Pour la jeune scientifique, qui a grandi en Chine, ce projet constitue une motivation personnelle supplémentaire: sa mère, ophtalmologue, s'est rendue en Mauritanie pendant deux ans pour traiter des patientes et patients et former des collègues locaux lorsque Siyu Tang était petite. Elle peut maintenant s'appuyer sur ce travail: «La formation sur simulateur peut permettre des avancées considérables, notamment pour la médecine dans les pays en développement. Le fait que je puisse indirectement poursuivre le travail de ma mère le rend encore plus épanouissant pour moi.»
De l'académie à l'industrie et inversement
Siyu Tang rayonne d'une grande passion pour son domaine et son équipe. Et sa carrière est la preuve qu'elle ne recule pas devant les défis pratiques. Après avoir obtenu une licence en informatique à l'Université de Zhejiang, elle n'a pas immédiatement suivi une voie académique. Elle est passée de l'université d'élite chinoise au secteur privé, en développant des logiciels pour des appareils électroniques grand public. «Mais au bout de deux ans, je me suis ennuyée», remarque-t-elle en riant.
Optant ensuite pour un master, elle a décidé qu'elle voulait étudier non pas en Chine mais en Europe: «De nombreux appareils et instruments de haute qualité que ma mère, médecin, et mon père, ingénieur mécanicien, utilisaient venaient d'Allemagne. De plus, le pays est situé au milieu de l'Europe, ce qui en fait une base idéale pour apprendre à connaître les différents pays.»
Le déménagement à Zurich de l'Institut Max Planck pour les systèmes intelligents de Tübingen, en Allemagne, où elle a dirigé son premier groupe de recherche, est un coup de chance pour Siyu Tang, et pas seulement d'un point de vue scientifique. «Pour notre fils de quatre ans et demi, cette ville est un paradis, avec le lac, toutes les aires de jeux, les forêts environnantes et les montagnes proches. Nous pouvons faire tellement de choses ensemble, en famille, ici.»
Une voie égocentrique vers un comportement naturel
Siyu Tang a également placé la barre très haut en ce qui concerne ses projets de recherche. En plus de donner aux personnes virtuelles des mouvements naturels, elle souhaite qu'à l'avenir, elles se comportent également de manière naturelle.

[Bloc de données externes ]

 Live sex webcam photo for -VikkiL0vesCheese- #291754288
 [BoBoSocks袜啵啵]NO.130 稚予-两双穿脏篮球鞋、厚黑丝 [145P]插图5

Dans le modèle de projet Flight Assembled Architecture, elles ne se déplaceront plus au hasard dans les pièces, mais interagiront entre elles et avec l'environnement comme de vraies personnes.

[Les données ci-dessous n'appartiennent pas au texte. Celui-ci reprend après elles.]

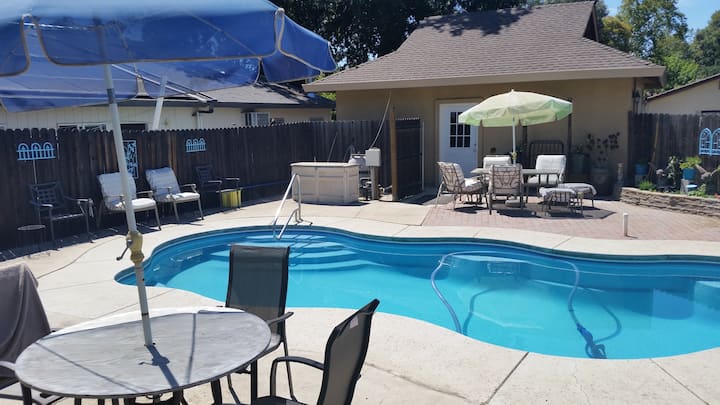 Red Studio Apt, Furnished, Pvt Entr. Pvt Bath - Woodland, CA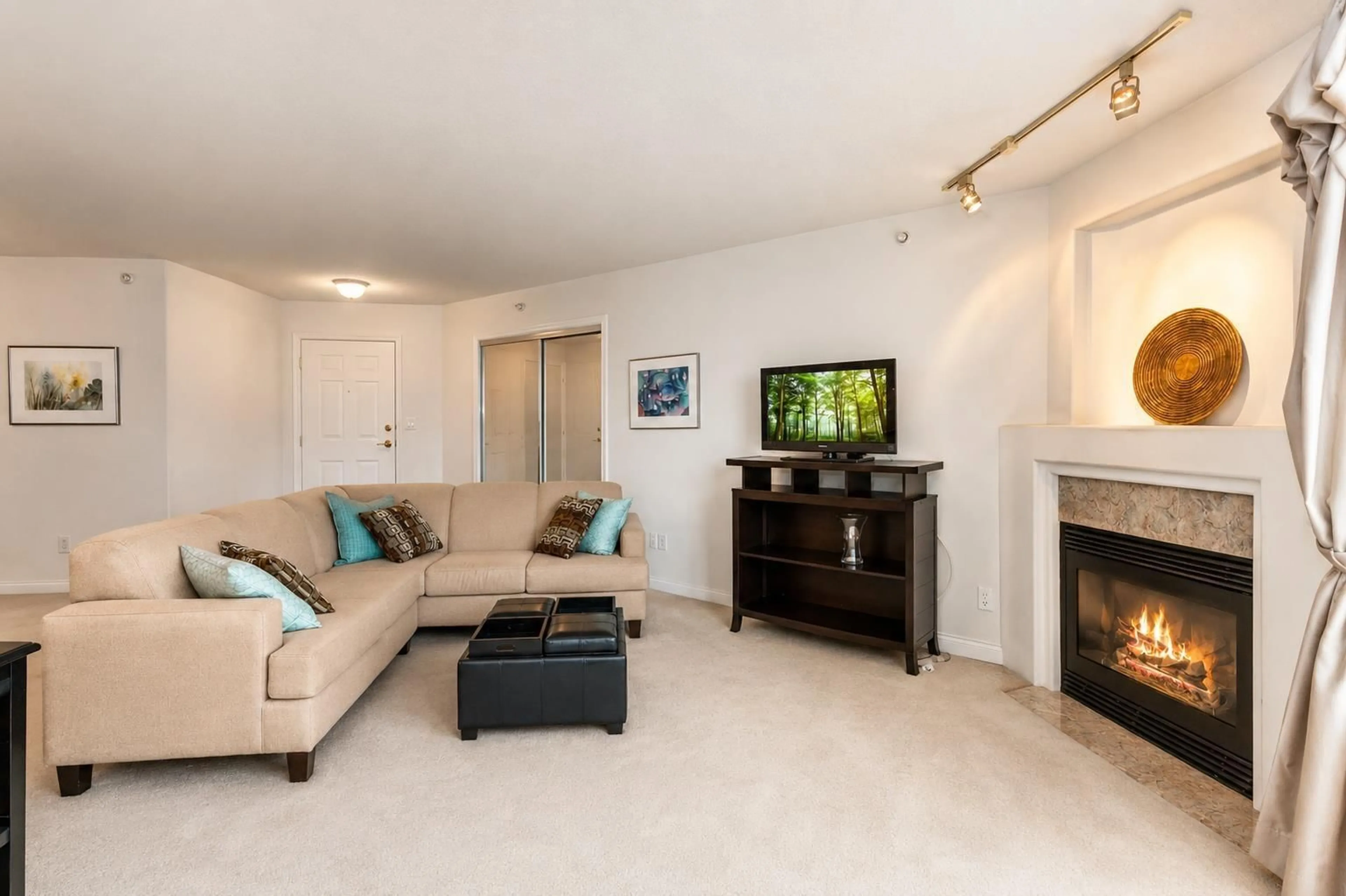 Living room with furniture, unknown for 406 - 33065 MILL LAKE ROAD, Abbotsford British Columbia V2S8E6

Siyu Tang considère que donner aux avatars une vision égocentrique est la clé pour parvenir à des interactions naturelles. Comme de vraies personnes, ils devraient créer un modèle par eux-mêmes de leur environnement à partir de leur perspective à la première personne et en tirer un comportement individuel.
Un impact au-delà de la science
L'architecture n'est pas le seul domaine d'application où l'introduction d'humains virtuels au comportement naturel offrira de nouvelles possibilités. Il sera intéressant de voir quels projets interdisciplinaires permettront aux personnes virtuelles de Siyu Tang de réaliser leur potentiel: «Il est difficile d'imaginer un meilleur environnement de travail que celui de l'ETH Zurich. Je peux inspirer mon équipe de recherche avec ma vision, et ensemble nous pouvons travailler avec d'autres groupes de recherche pour faire le genre de différence qui va au-delà de la connaissance scientifique.»